Kirkwood is hesitant to dictate who holds the power in porn, but she does have reservations, “My hunch is that it will always be a world in which abuses of power are liable to take place, and more often than not those abuses will be perpetuated by men to women.” She continues: “On one hand, it’s the only industry in the world where women can make more money than their male counterparts across the board. Yet if you spend any time in the porn world, what you basically see is a lot of is many women in their early twenties and many men in their late fifties. Which I think tells you a lot.”

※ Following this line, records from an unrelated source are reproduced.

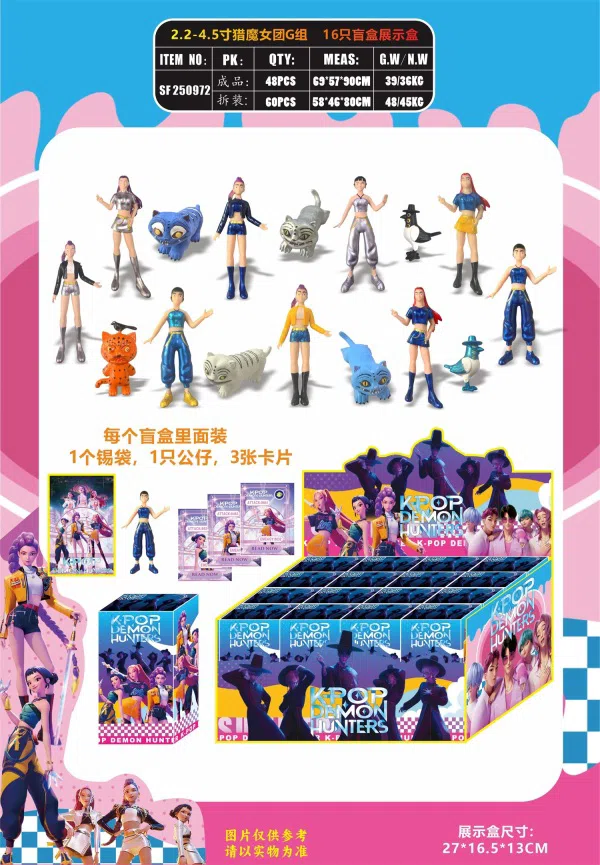 2.2-4.5 inch witch hunt group G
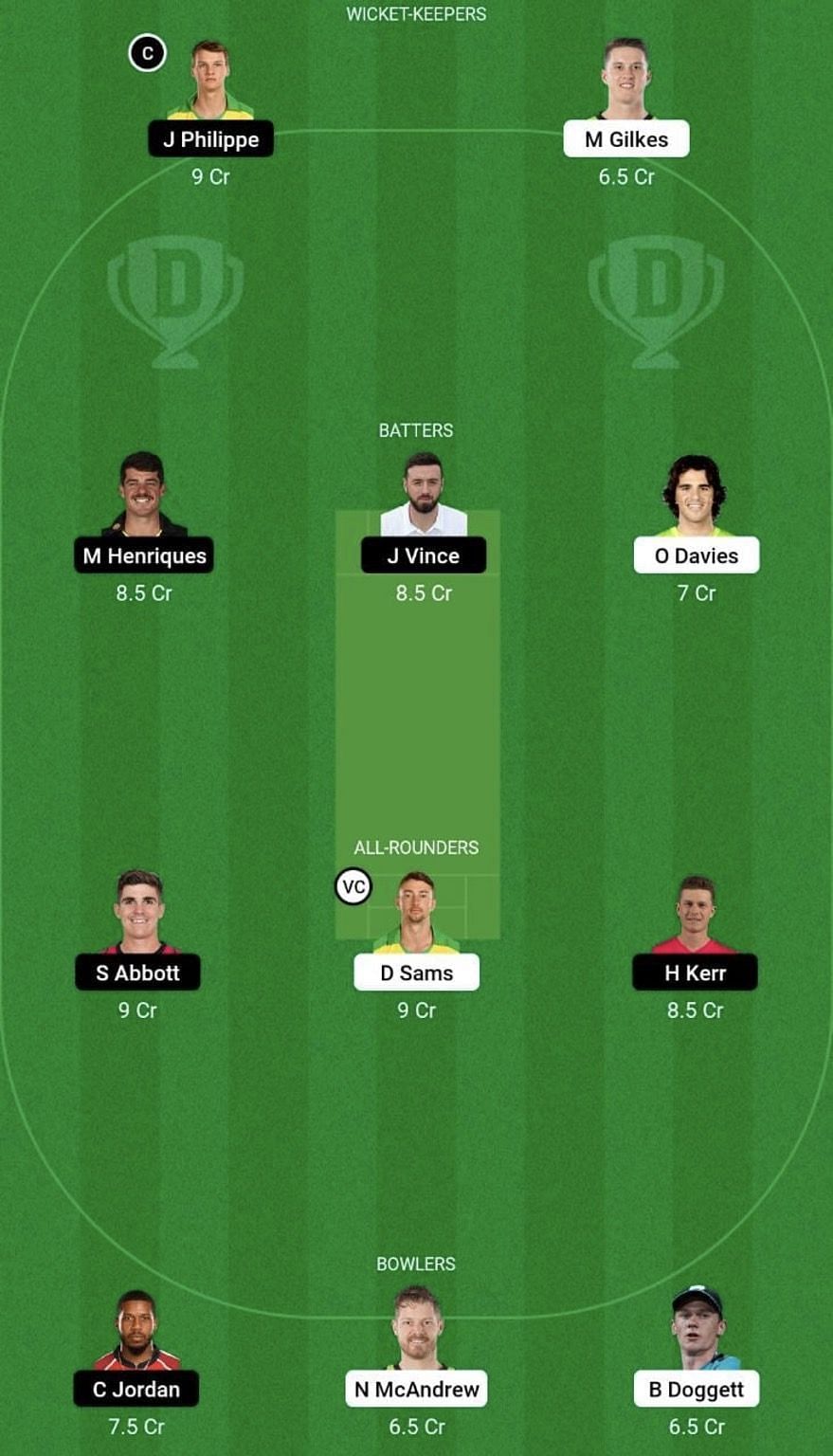 THU vs SIX Dream11 Prediction Team, Grand League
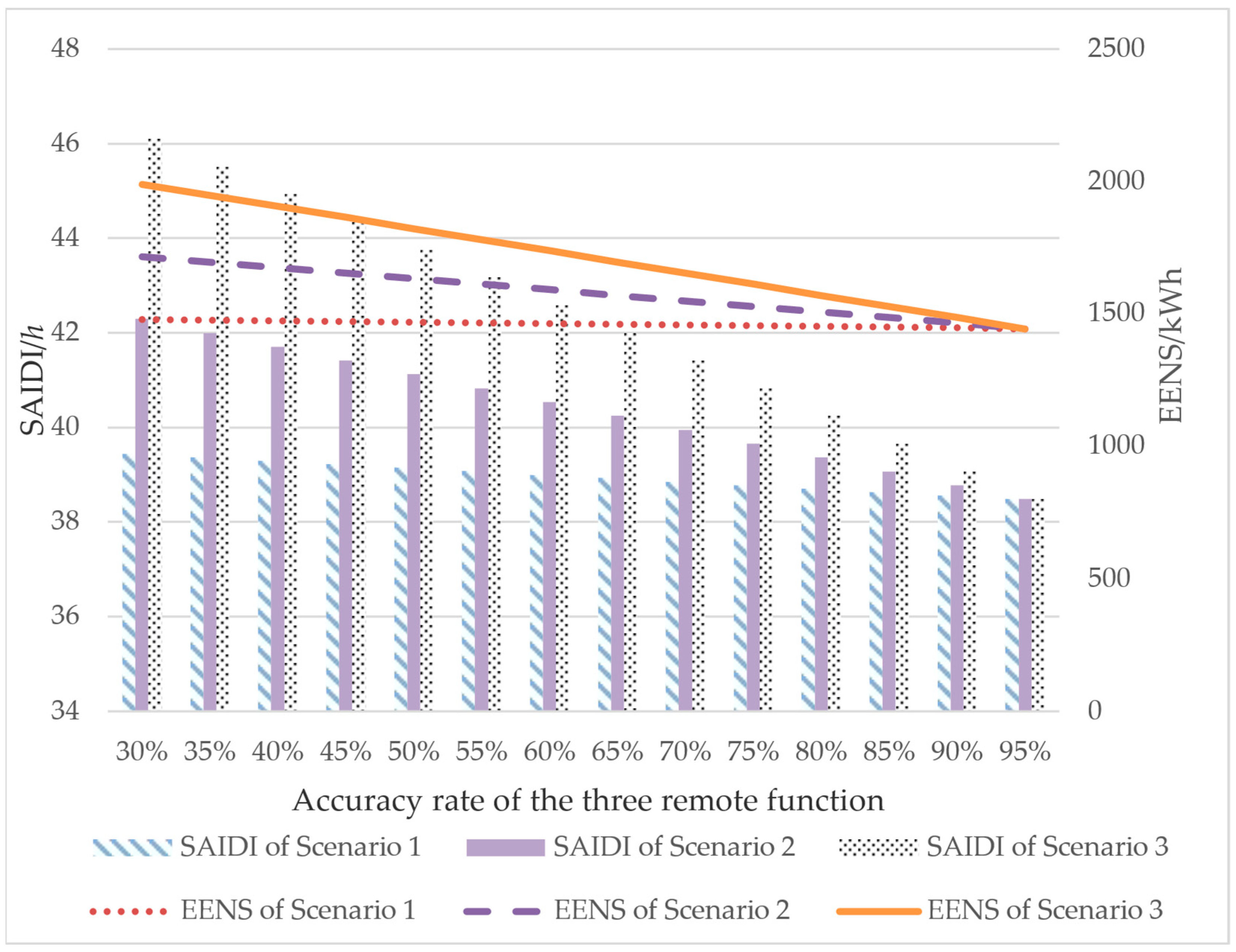 Energies 16 07826 g006
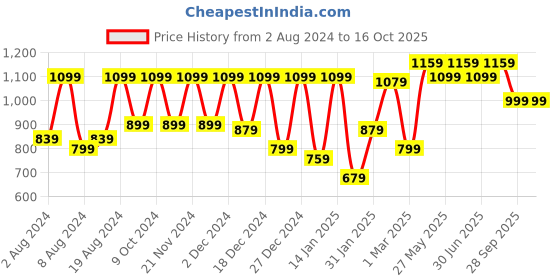 myntra.com Saree mall Geometric Printed Bagh Saree saree mall Price History Graph from 2 Aug 2024 to 16 Oct 2025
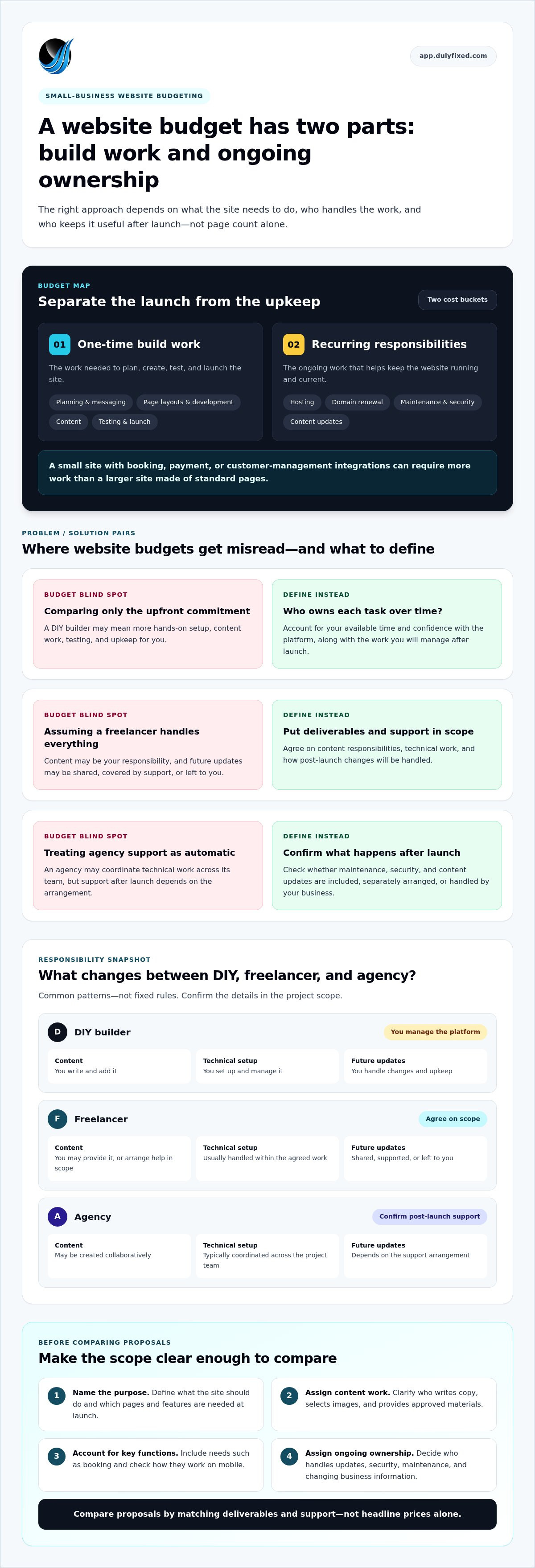 How much to build a website for a small business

That’s not to say she thinks this is the way it always will be. From filmmakers like Erica Lust and Vex Ashley, to platforms like OnlyFans which put content creation and economic independence into the hands of the performers themselves, she’s hopeful for the future. “It’s the old story of controlling the means of production – technology is midwifing more power for women, because they can produce their own material. I think that will create deep and enduring change for the better in many ways.”
Adult Material is as complicated as the industry itself and viewers won’t find any conclusions here. Instead what we see are snapshots of the different ways women use and are used within the system. Scenes of female wealth and success are intersected with scenes of sexual assault (and a huge red flag here for people who may find scenes of this nature triggering, they are extremely difficult to watch). The victims are always women, the men always enabled by the industry they operate within.
It will be interesting to see how the more progressive areas of the porn industry perceive Adult Material. From economically independent camgirls (putting to one side their reliance on the male-owned platforms) to those who work for female-owned film companies, Adult Material may portray a world they’ve largely been able to bypass. But with an estimated 4-20% of internet traffic accounting for porn, most women in the industry won’t have been so lucky and Adult Material certainly isn’t pretending that’s the case. Funny and insightful, deeply disturbing and thought provoking, Adult Material is a definite must-watch.